The IMF team is set to arrive next week for the first biannual review, which is expected to pass—though not without reservations—as all binary conditions are being met. However, concerns loom over tax revenues. The issue isn’t about missing Federal Board of Revenue (FBR) targets but rather the persistent failure to broaden the tax base.
The State Bank of Pakistan (SBP), on the other hand, is performing admirably, comfortably meeting all its targets. This eliminates any pressure on currency adjustments or shifts in monetary policy. The thornier challenge lies in addressing the government’s inability to bridge the gross external financing gap—a problem likely to draw scrutiny during the review.
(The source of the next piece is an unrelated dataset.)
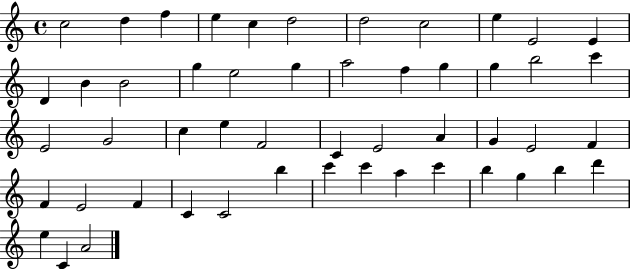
C5/h D5/q F5/q E5/q C5/q D5/h D5/h C5/h E5/q E4/h E4/q D4/q B4/q B4/h G5/q E5/h G5/q A5/h F5/q G5/q G5/q B5/h C6/q E4/h G4/h C5/q E5/q F4/h C4/q E4/h A4/q G4/q E4/h F4/q F4/q E4/h F4/q C4/q C4/h B5/q C6/q C6/q A5/q C6/q B5/q G5/q B5/q D6/q E5/q C4/q A4/h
IMF staff are expected to take a tough stance with the FBR and finance ministry over their lack of progress in expanding the tax net. Despite lofty promises from the finance minister at budget time, there has been negligible movement in bringing retailers, traders, and the real estate sector into the tax fold. Collection from real estate remains abysmally low, and while provincial benchmarks for agricultural income tax legislation have technically been met, the intent to enforce taxation remains conspicuously absent.
These shortcomings are unlikely to trigger revenue contingencies or necessitate a mini-budget. The core issue is fairness. The documented economy—comprising salaried individuals and corporations—is already taxed to the hilt, with rates jacked up exorbitantly. Yet, efforts to widen the tax base remain stagnant. This imbalance is glaringly unfair, and the IMF should call it out for what it is.
The Fund is likely to push for meaningful tax reforms, with discussions centering on strategies to implement them in next year’s budget. The finance ministry is reportedly working on a framework for this, which will be a key topic during negotiations. Additionally, the IMF may express concern over the slow progress in rationalizing trade tariffs, potentially pressuring the government to reduce import tariffs in the upcoming budget.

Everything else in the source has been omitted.